Clearly, Jesus is not an ambitious politician who does not dare express an opinion opposed to that held by someone who is entertaining him. The Teacher does not give in either to “friends” who cannot bear the presence of “unclean” people in a banquet.
Jesus is also unlike not a few of us. Too worried perhaps about our own “nice person” image, we keep quiet in the presence of acquaintances who are being influenced by rich candidates who play on citizens’ anger and fear, and call for the building of walls, not of bridges.

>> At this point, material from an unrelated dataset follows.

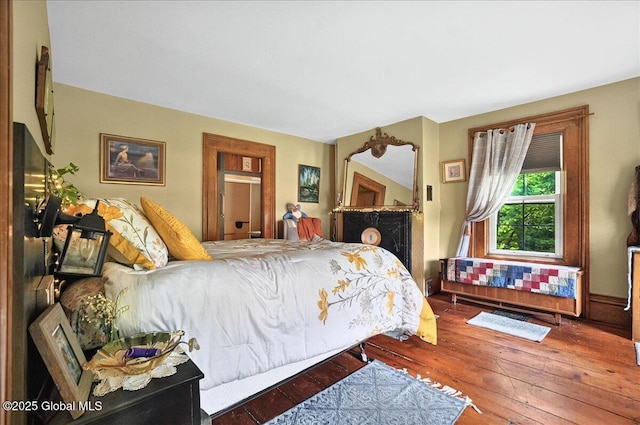 291-294 Gilchrist Hill Rd, Hartford, NY 12838 - bedroom with hardwood / wood-style flooring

Jesus is the presence of the invisible God who celebrates a sinner’s return with a banquet. He makes clear, moreover, that to be feted with a banquet is not a matter of merits or demerits, of whether one is the older son, faithful and hardworking from the first hour, or the wayward and lazy younger son who is the last to go to work.
That is to say, the banquet is due only to the Father’s grace, goodness and mercy. To think we deserve to be lavished with a banquet, while the marginalized sinners do not, is to fail “to refer it all to God from whom all good comes,” to quote St. Vincent de Paul (SV.FR XI:340).
And if such thinking is not to try to rebuild the wall of separation between Jews and Gentiles already torn down by Christ, it surely is living in a bubble of vanity and banquets. It makes us examine others, which is not what St. Paul tells us, for he teaches:
A person should examine himself, and so eat the bread and drink the cup.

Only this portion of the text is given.